- _PROBLEM TO SOLVE_:
I need an exact copy of the lines from the one containing "Melanie Vibe Thrusting" through the end of the records, without any pictures.

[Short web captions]
╔══
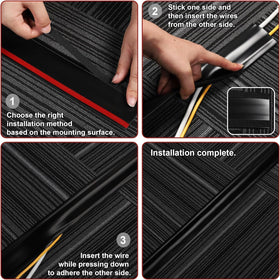 ZhiYo installation-ready cord cover supports quick setup with tape or fasteners.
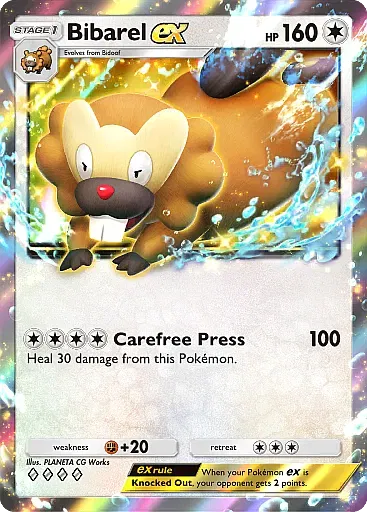 Bibarel EX card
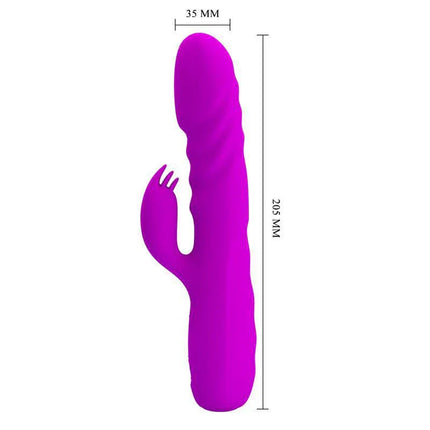 Melanie Vibe Thrusting Rabbit Vibrator with Rotation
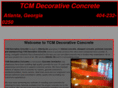 tcmdecorativeconcrete.com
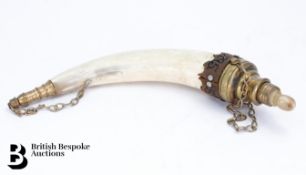 Horn Powder Flask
╚══
- _OUTPUT_:
 Melanie Vibe Thrusting Rabbit Vibrator with Rotation
 tcmdecorativeconcrete.com
 Horn Powder Flask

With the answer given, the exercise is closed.